What the task requires
Would you please print exactly the lines that run from the one with "Load image into" to the last line of the data, both included, without any pictures?
-*-
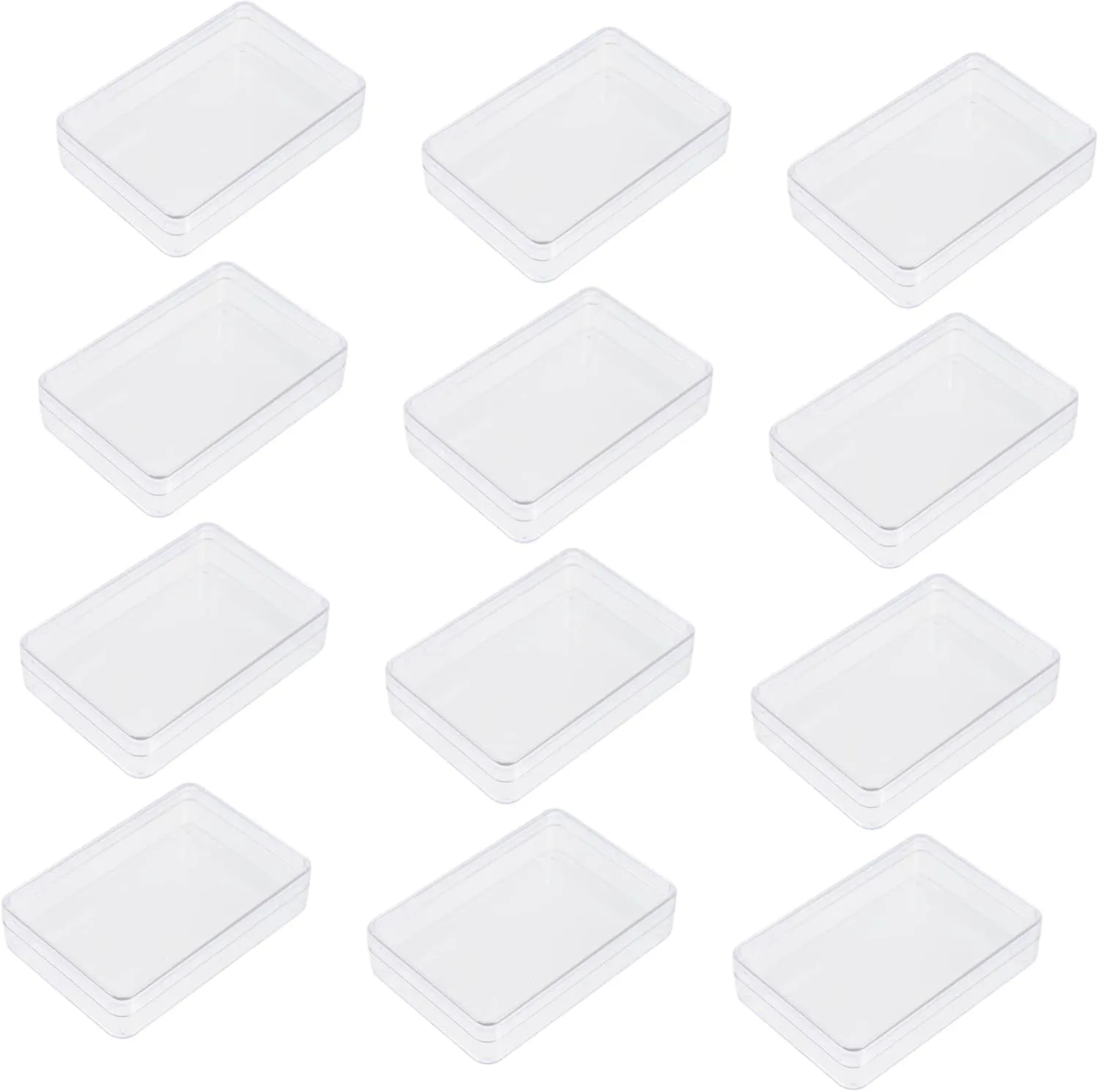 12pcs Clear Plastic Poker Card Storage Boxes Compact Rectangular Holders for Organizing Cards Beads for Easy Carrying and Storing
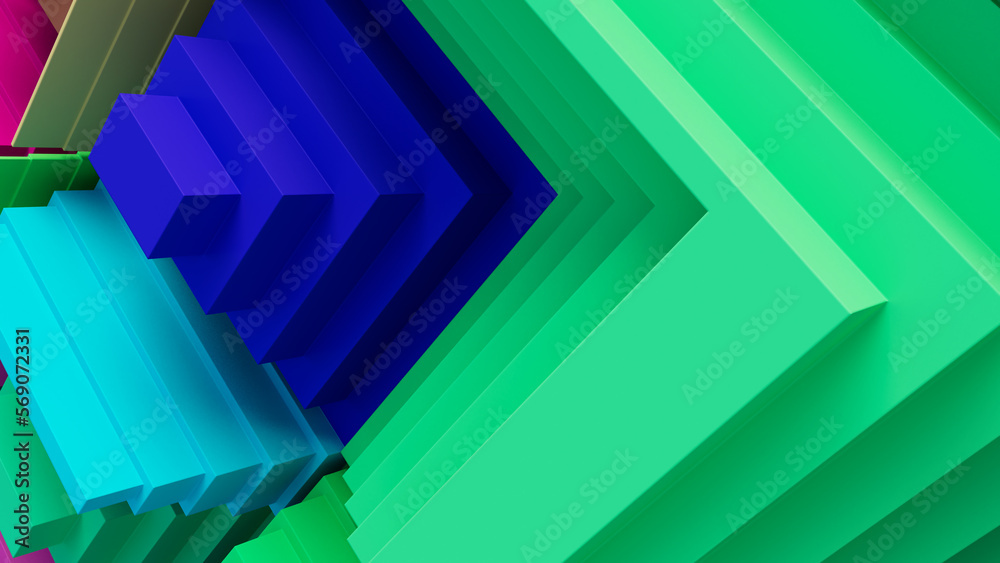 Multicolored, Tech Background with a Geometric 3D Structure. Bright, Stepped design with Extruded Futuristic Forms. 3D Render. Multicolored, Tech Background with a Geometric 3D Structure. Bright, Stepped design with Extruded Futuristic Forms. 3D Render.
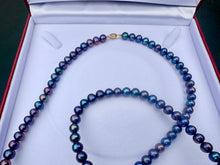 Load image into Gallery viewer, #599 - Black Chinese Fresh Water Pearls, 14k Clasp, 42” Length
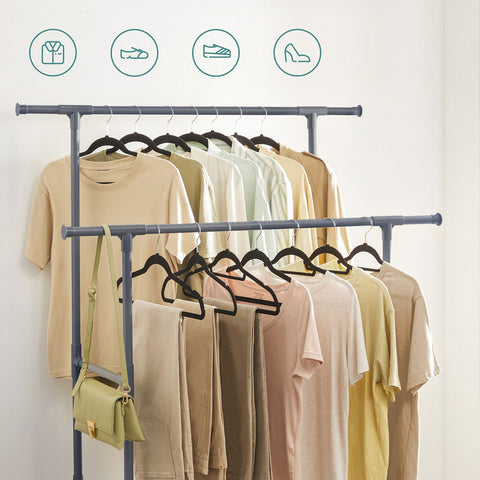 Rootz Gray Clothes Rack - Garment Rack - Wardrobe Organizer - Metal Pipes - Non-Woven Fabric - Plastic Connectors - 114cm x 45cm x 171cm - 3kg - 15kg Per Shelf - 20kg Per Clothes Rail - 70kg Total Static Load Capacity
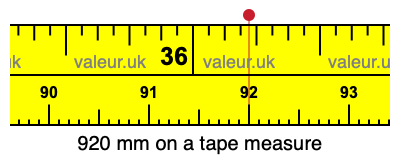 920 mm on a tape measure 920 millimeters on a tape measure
-*-
Answer section
 Load image into Gallery viewer, #599 - Black Chinese Fresh Water Pearls, 14k Clasp, 42” Length
 Rootz Gray Clothes Rack - Garment Rack - Wardrobe Organizer - Metal Pipes - Non-Woven Fabric - Plastic Connectors - 114cm x 45cm x 171cm - 3kg - 15kg Per Shelf - 20kg Per Clothes Rail - 70kg Total Static Load Capacity
 920 mm on a tape measure 920 millimeters on a tape measure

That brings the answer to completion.